# Rental Agent



## Vonn (Nov 7, 2010)

Hi There are soooooo many Rental Agents in Dubai,  could anyone recommend one? We are looking for a 1-2 bed apt in Dubai Marina, Greens area.


----------



## Laowei (Nov 29, 2009)

Vonn said:


> Hi There are soooooo many Rental Agents in Dubai,  could anyone recommend one? We are looking for a 1-2 bed apt in Dubai Marina, Greens area.


Personnal Choice is Nicki from Group seven properties they are based in the Greens area. we used here for our place and issues we call her and she is always willing to help, wont give you any BS either. PM if you need her cell number.


----------



## Vonn (Nov 7, 2010)

Hi Thanks for your help, I have got Nicki's mob number from website.



Laowei said:


> Personnal Choice is Nicki from Group seven properties they are based in the Greens area. we used here for our place and issues we call her and she is always willing to help, wont give you any BS either. PM if you need her cell number.


----------



## Laowei (Nov 29, 2009)

Vonn said:


> Hi Thanks for your help, I have got Nicki's mob number from website.


Your welcome, good luck.


----------



## dizzyizzy (Mar 30, 2008)

Vonn,

If that doesn't work out let me know, I can also give you the name of mine, they rent properties at The Greens. Not outstandingly brilliant (he's on his bloody BB messenger all the time) but at least helpful, follows up when he says he will, arranged DEWA for me, showed me different places and is on time for appointments, which apparently is too much to ask for some agents in Dubai


----------



## wandabug (Apr 22, 2010)

I like Cluttons - Kim is the manager there, she is very professional.


----------



## Vonn (Nov 7, 2010)

Thanks for your help will see if Nicki can find us something 1st. Went over to see the Greens & Dubai Marina today looks much better than where we are at the moment

QUOTE=dizzyizzy;401844]Vonn,

If that doesn't work out let me know, I can also give you the name of mine, they rent properties at The Greens.
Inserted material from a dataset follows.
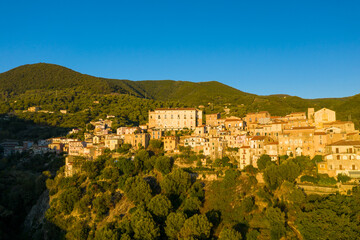 Obraz premium Historic Pisciotta sits atop a sunlit hillside, surrounded by dense green forest and rolling mountains under a clear blue morning sky. Warm golden light highlights the rustic architecture and natural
Not outstandingly brilliant (he's on his bloody BB messenger all the time) but at least helpful, follows up when he says he will, arranged DEWA for me, showed me different places and is on time for appointments, which apparently is too much to ask for some agents in Dubai [/QUOTE]


----------



## wonderwoman (Nov 14, 2009)

*hi*



Vonn said:


> Thanks for your help will see if Nicki can find us something 1st. Went over to see the Greens & Dubai Marina today looks much better than where we are at the moment
> 
> QUOTE=dizzyizzy;401844]Vonn,
> 
> If that doesn't work out let me know, I can also give you the name of mine, they rent properties at The Greens. Not outstandingly brilliant (he's on his bloody BB messenger all the time) but at least helpful, follows up when he says he will, arranged DEWA for me, showed me different places and is on time for appointments, which apparently is too much to ask for some agents in Dubai


[/QUOTE]

hi vonn
if you havent any luck with your agent let me know i have a number for a lady who is great she will defo find you what you are looking for


----------



## Kiwi Johno (Sep 27, 2010)

Vonn said:


> Hi There are soooooo many Rental Agents in Dubai,  could anyone recommend one? We are looking for a 1-2 bed apt in Dubai Marina, Greens area.


I found Simon from PK Rentals excellent


----------



## Vonn (Nov 7, 2010)

Thanks, I'll let you know how it works out


----------



## Vonn (Nov 7, 2010)

Thanks, if Nicki does work out I'll take your advice


----------



## Vonn (Nov 7, 2010)

Thanks for your advice, will get back to you if Nicki doesn't work out


----------